Stymied by the clay’s grip, some of the hikers went ahead to Chin Beach to see if they could find help while Junker found warmth in a puffy jacket from his backpack.
About 20 minutes later, a half-dozen more hikers appeared, including a well-built fellow. “I mean, he was, you know, very fit, very strong, you know, just that real husky size," Junker says.
Surely this was the end of this awful, oozing odyssey, he thought.
“He grabbed me around my waist, I draped my arms over his shoulders,” as Junker describes it. “He is down in a squat position, tries pulling up at the point where I was like, ‘Something's gonna break here.’ And I just said, ‘No. Clearly, I'm not moving.’”
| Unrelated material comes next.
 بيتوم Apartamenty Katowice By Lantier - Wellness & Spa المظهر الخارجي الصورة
They tried using the boards for leverage but to no avail.
It had now been 90 minutes and it was decided they should call 9-1-1.
The operator stayed on the line keeping everybody calm for some time before connecting the call to Port Alberni RCMP, which began to formulate a plan.
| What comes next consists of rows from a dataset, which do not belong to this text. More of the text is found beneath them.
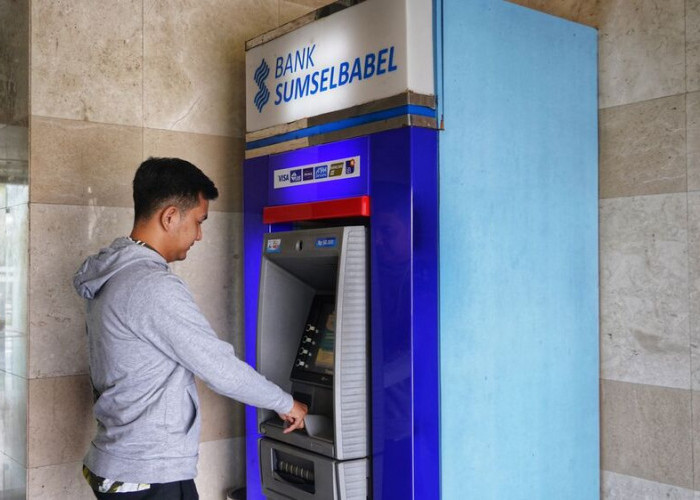 Bank Sumsel Babel Siapkan Dana Rp 1.2 Triliun untuk Libur Lebaran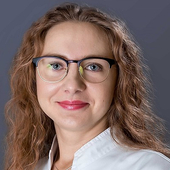 Райхельд Ирина Петровна, рентгенолог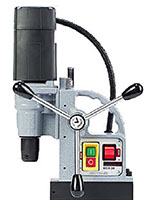 Euroboor Compact Magnetic Drilling Machine (ECO.30) - 2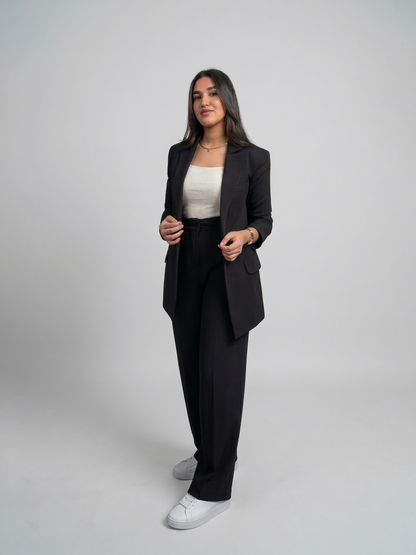 Oversized Suit ( بليزر وبنطلون)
Meantime, the rescuers were still at it with the wood.
They tried shoving the boards down by Junker’s sides, one person digging the clay, the other shovelling it out.
“I mean, I can see the sweat on their foreheads and I'm trying to help a little bit in front of me, but I'm also trying not to move or I'm going to get deeper.”
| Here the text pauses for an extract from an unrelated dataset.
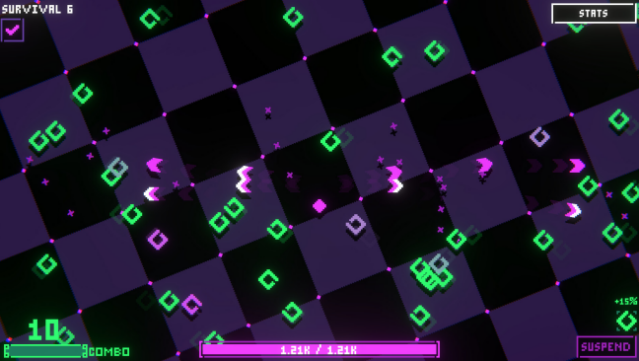 Combo Overload PC Screenshot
Junker was still thigh-high but hopeful when one of the helping hikers slipped in just past his ankle. “He couldn’t pull his foot out, but he needed another person to sort of grab his leg and pull,” Junker says. “And between the two of them, they got his leg free.”
The digging continued for another 20 minutes when one of them struck Junker’s boot which eventually led to them cutting the laces and painstakingly freeing the man one leg at a time.
Junker says there was a cheer of excitement and then one of the hikers “grabbed me around my shoulders and just dragged me back out of the hole.”
Junker contacted BC Parks, which immediately secured the area.
BC Parks is an agency of the Environment Ministry, which in an email to Capital Daily said it was “the first report of an incident of this nature,” on the trail it had received.
“BC Parks regularly assesses the Juan de Fuca Marine Trail for public safety concerns and continues to invest in infrastructure upgrades along the trail,” the ministry said.
“The Juan de Fuca Marine Trail is a strenuous, multi-day hike in a rugged and isolated environment,” it said. “Hikers should be prepared for uneven ground and slippery conditions on muddy trails, wooden surfaces, boulders, and rocky shorelines."
Junker says many “what-ifs” have gone through his and his daughter’s minds since last Friday. “It could have gone so much worse if that crew and team of people weren’t there to help me and I just can’t say thanks enough to the entire crew and BC Parks for all they did, in cordoning off the area and for the entire team that went to the effort to rescue me,” he says.
“I was so fortunate for the group of people that came to my help and rescue.”
The province reminds hikers to consult the BC Parks website for park updates before hitting the trails.